Professor of Musicology Richard Parncutt asks, ‘Why should music be so emotional when, unlike other behaviours and experiences such as love, pain and hunger, it is not critical for human survival?’ The theory he puts forward is that during prenatal development, infants learn to associate audible sound and movement patterns with the mother’s changing physical and hormonal state, and that this may be one of our primary early interactions with music. Perhaps when similar patterns of sound and movement are recreated at later points in life the corresponding emotional response may stem from this infant experience.1
Of course, this doesn’t really detail why certain pieces of music are more effective than others at stimulating certain emotions, but part of the magic of music is its mysterious power over us. Some think that rather like a conjuring trick, it loses its power when it is interrogated and explained in scientific terms. I would argue, however, that even after analysis, music still holds our emotions to ransom, and particularly interestingly when played in a dramatic context such as in the theatre or cinema.

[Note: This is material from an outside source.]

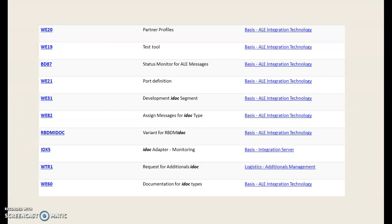WD87 is for status monitor for ALE messages. WE21 is for port definitions. WE31 is for IDOC segment creation. WE82 is for assigning messages to the IDOC types. RBDMIDOC is for variant for RBDM IDOC. IDXPY is for IDOC adapter monitoring. WTR1 is for request of additional IDOCs. WE60 is for documentation for IDOC types.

There are many articles and intellectual treatises on the sometimes ‘scientific’ reasoning behind why it might be that certain pieces of music make us feel a certain way, but approaching it from an academic viewpoint and applying abstract musical terminology tends to get us nowhere closer to the beautifully secluded heart of the matter.
This is not to say that musical critique does not have its place, but I don’t think it’s all that inspiring for the burgeoning artist who wants to expand his horizons and understand the compositional process. What I think we can say is: all music is written within a framework, and that framework varies depending on many social, historical and aspirational factors. The mine of musical interpretation and commentary is deep, but we don’t learn as much from literature as we do from the composers themselves. Each new piece of music is informed by and descended from some expression that came before, no matter how tangibly. Even if a composer heads out on a new road that seems previously completely untravelled, his compositional choices will still be influenced by those roads he eschews. If we think of the vibrations and tones given to us by the laws of physics as akin to a box of paints, then our musical heritage is as colourful and expressive as that of all the great masters in any National Gallery.
But unlike painting or sculpture, music is not frozen in time. In Leonard Bernstein’s 1955 telecast on The Art of Conducting, he said: ‘Music… exists in the medium of time. It is time itself that must be carved up, moulded and remoulded until it becomes, like a statue, a fixed form and shape.’ Music can therefore never be perceived in a snapshot. Music never stands still; the canvas on which composers paint is actually time itself.
Live theatre is like live music, in that it’s only alive when it’s moving. Every moment is fleeting and never to be repeated in the exact same way again. Of course, like music, it can be repeated (and needs to be, usually eight times a week, if it’s to be successful), but the contextual factors of a particular performance, with a particular audience, on a particular day, and with a particular cast and crew, dictate that no two performances can ever be identical. Theatre, like music, is in the business of telling stories and in the examination and reflection of the human condition, but because music is so ephemeral its critical interpretation is often a little abstract. It can instantly set a tone or mood, create momentum, encourage contemplation or affect emotional depth; it can lift the heart to the stars or drag the soul through the gutter, but when combined with the literal exposition of stories in a theatrical setting, music can lift a prosaic moment into something quite extraordinary.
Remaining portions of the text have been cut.